▶ Task instructions:
From the line that includes "Where SaaS Startups" to the last line of the records that follow, copy every line exactly and nothing more, omitting pictures.

▶ Excerpted data:
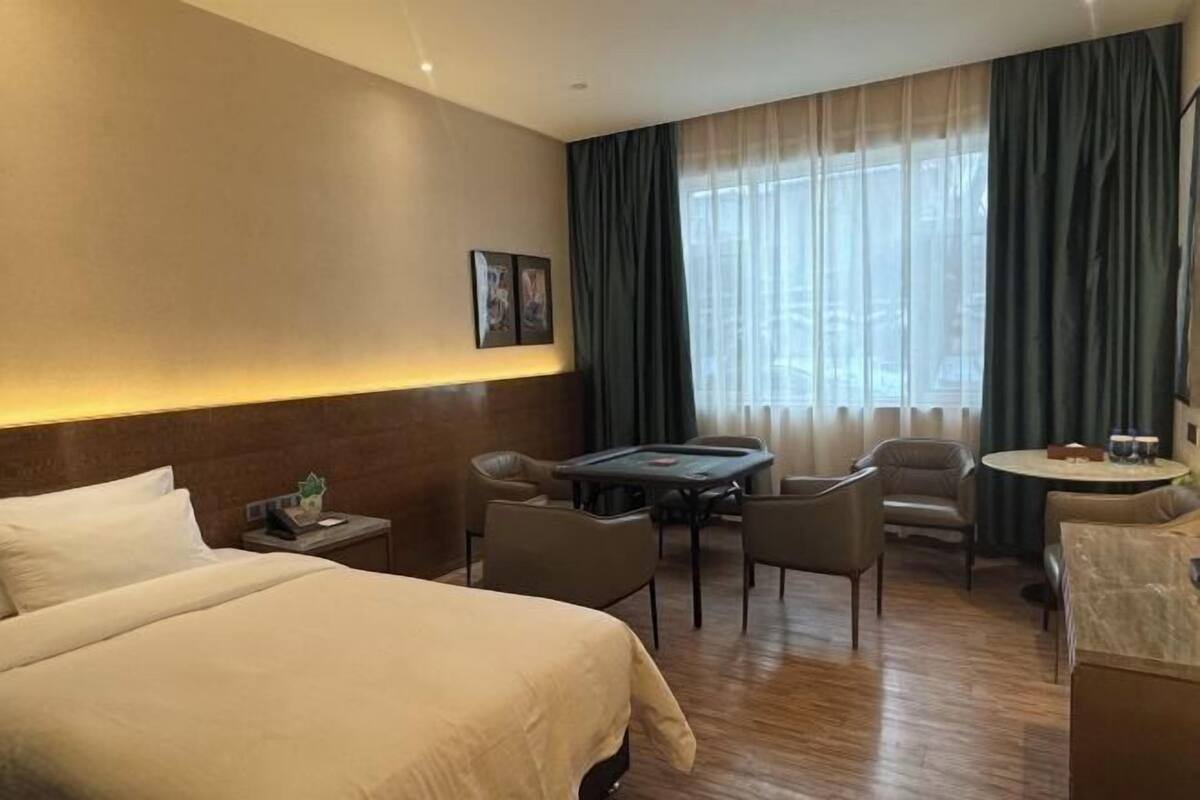 Habitación de hotel con una cama grande, un escritorio con sillas, una mesita y vistas al exterior a través de cortinas translúcidas.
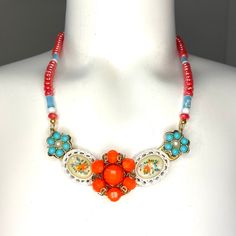 "Orange is one of my favorite colors, and it is especially vibrant when paired with turquoise blue. This fun and funky bib necklace has 5 vintage clip earrings set on a brass jewelry form to create a one of a kind statement necklace. Bright and colorful, but not overpowering, this bib hangs from a beaded necklace of orange glass beads mixed with vintage turquoise colored tube beads. The stars of this show are the flower cameos on either side of center. Very 1970s, Holly Hobby-esque. Bib is 3.75\ Retro Beaded Jewelry For Gifts, Retro Beaded Jewelry Gift, Retro Beaded Jewelry As Gift, Multicolor Retro Jewelry For Vintage Collection, Multicolor Nickel-free Retro Jewelry, Retro Multicolor Nickel-free Jewelry, Vintage Multicolor Czech Glass Jewelry, Retro Vintage Charm Jewelry For Jewelry Making, Vintage Turquoise Jewelry With Colorful Beads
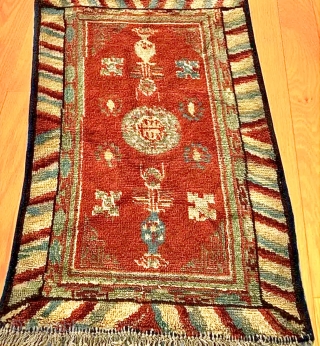 Chinese carpet with Turkestan motifs. Wool on cotton. Minor losses and re-piling in places, sides re-bound. Evidence of fuchsine. Overall full, even pile. Good colour. Affordable.
Size: 112cm x 72cm    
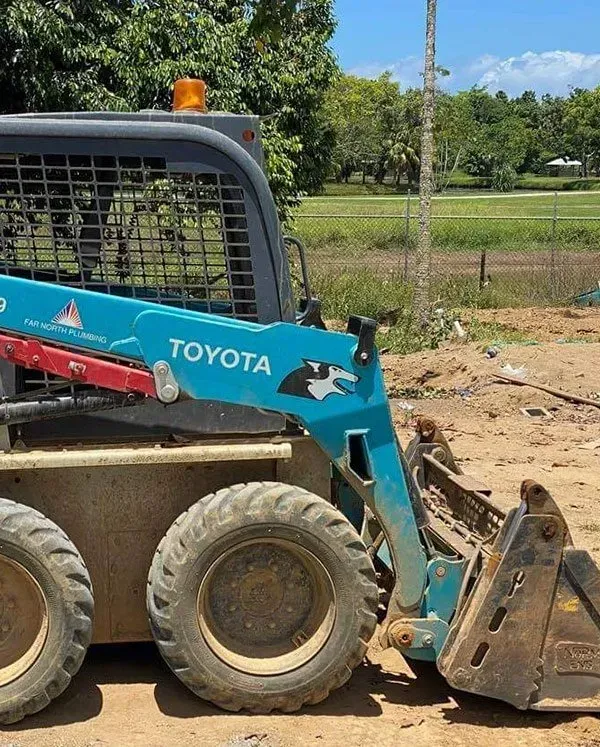 A Blue Toyota Skid Steer Loader on a Dirt Surface — Far North Plumbing in Mourilyan, QLD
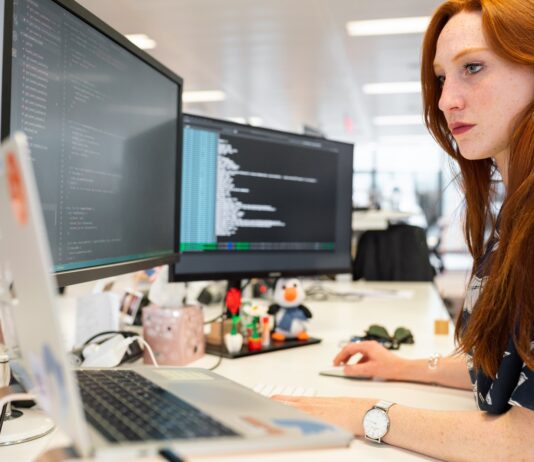 Where SaaS Startups Can Hire Software Developers woman in green shirt sitting in front of computer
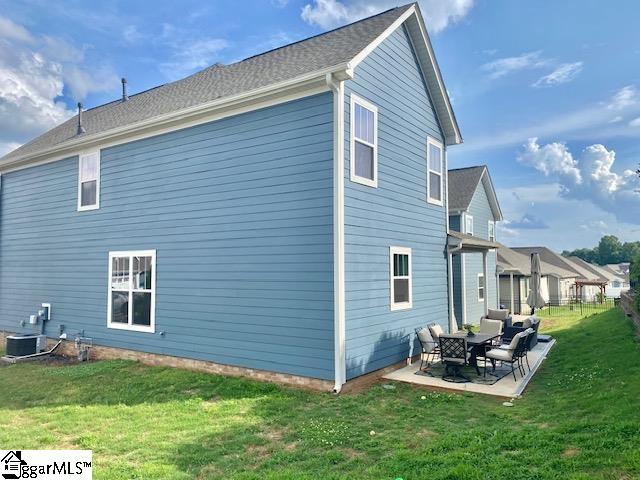 rear view of house featuring a patio, an outdoor hangout area, central AC unit, and a lawn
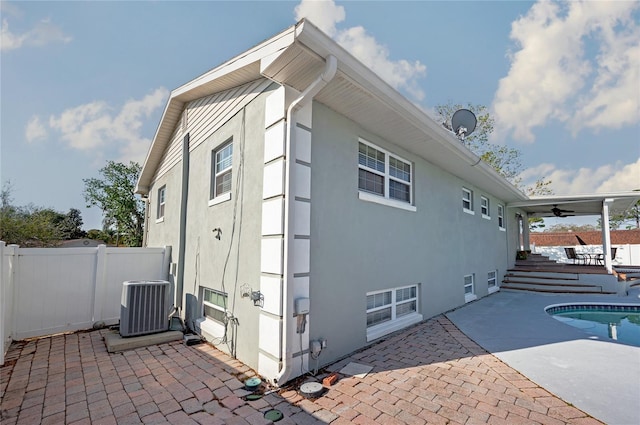 view of side of property featuring a patio area, fence, central AC, and stucco siding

▶ Written solution:
 Where SaaS Startups Can Hire Software Developers woman in green shirt sitting in front of computer
 rear view of house featuring a patio, an outdoor hangout area, central AC unit, and a lawn
 view of side of property featuring a patio area, fence, central AC, and stucco siding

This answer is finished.